(Input records Opens)
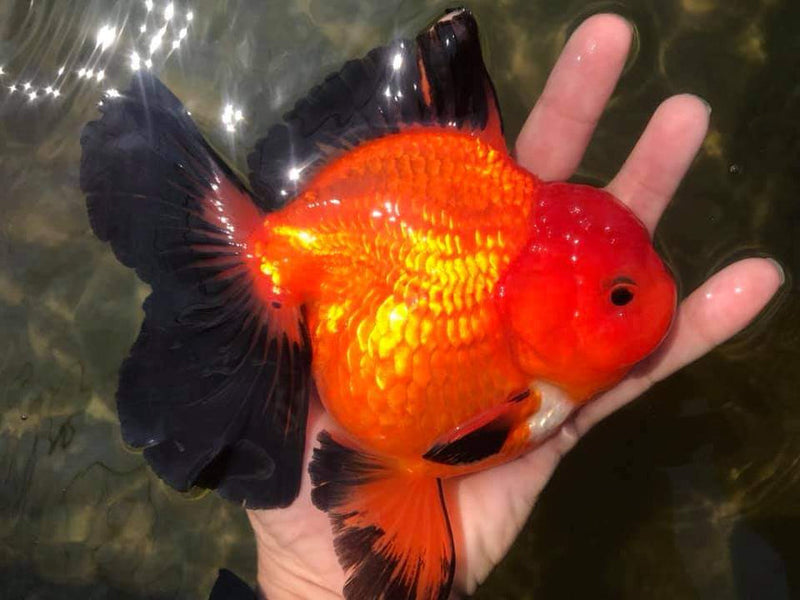 Live Fancy Goldfish Premium Select Our Choice Giant BREED Giant Special Apache Thai Oranda GROW UP TO 5.5-7'' BODY(CGF-064)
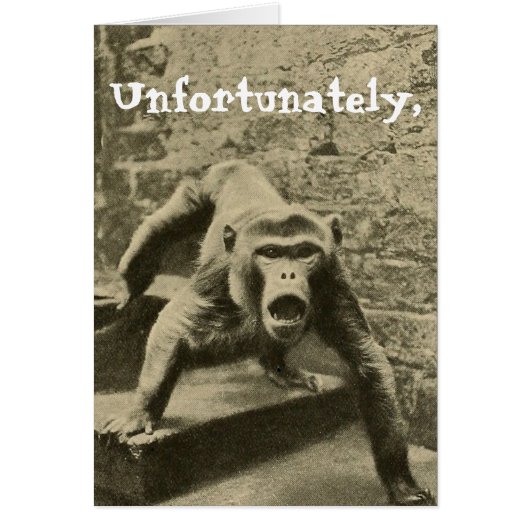 Sometimes it is Your Circus, They are Your Monkeys Cards (Front)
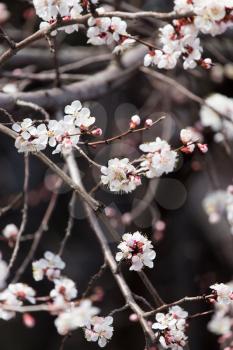 beautiful flowers on a tree in spring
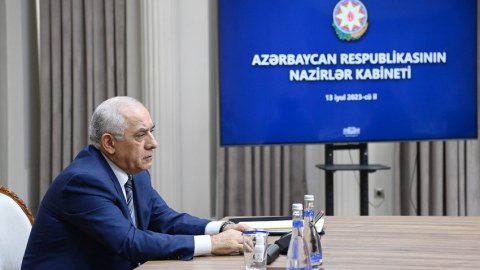 Nazirlərə Söyüdlü ilə bağlı tapşırıq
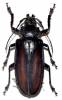 Rhaphipodus suturalis var. blumei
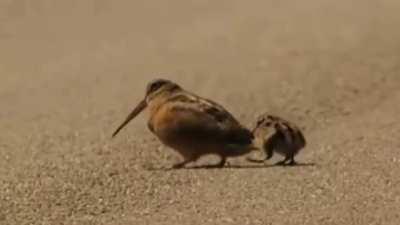 They banned bots on that sub so this is the next best option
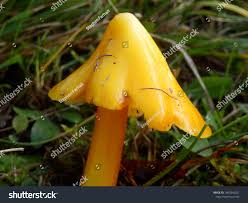 Attēlu rezultāti vaicājumam “Hygrocybe acutoconica”
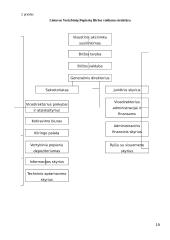 Vertybinių popierių rinkos bruožai 19 puslapis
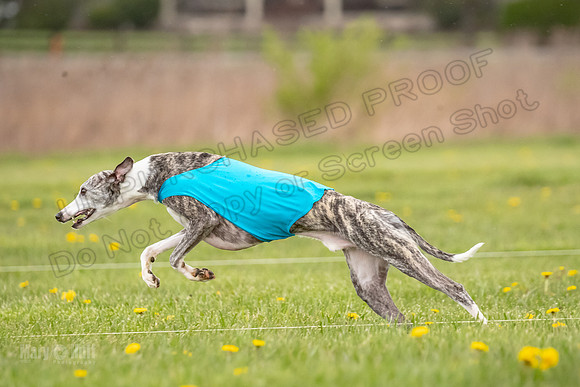 Finals Fch A1 Whisper Treble JesseJames-9059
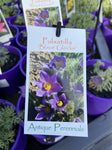 PULSATILLA BLAUE GLOKE 14CM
(Input records Closes)
» Task instructions
Pictures aside, every entry above must be repeated exactly.

» Task answer
 Live Fancy Goldfish Premium Select Our Choice Giant BREED Giant Special Apache Thai Oranda GROW UP TO 5.5-7'' BODY(CGF-064)
 Sometimes it is Your Circus, They are Your Monkeys Cards (Front)
 beautiful flowers on a tree in spring
 Nazirlərə Söyüdlü ilə bağlı tapşırıq
 Rhaphipodus suturalis var. blumei
 They banned bots on that sub so this is the next best option
 Attēlu rezultāti vaicājumam “Hygrocybe acutoconica”
 Vertybinių popierių rinkos bruožai 19 puslapis
 Finals Fch A1 Whisper Treble JesseJames-9059
 PULSATILLA BLAUE GLOKE 14CM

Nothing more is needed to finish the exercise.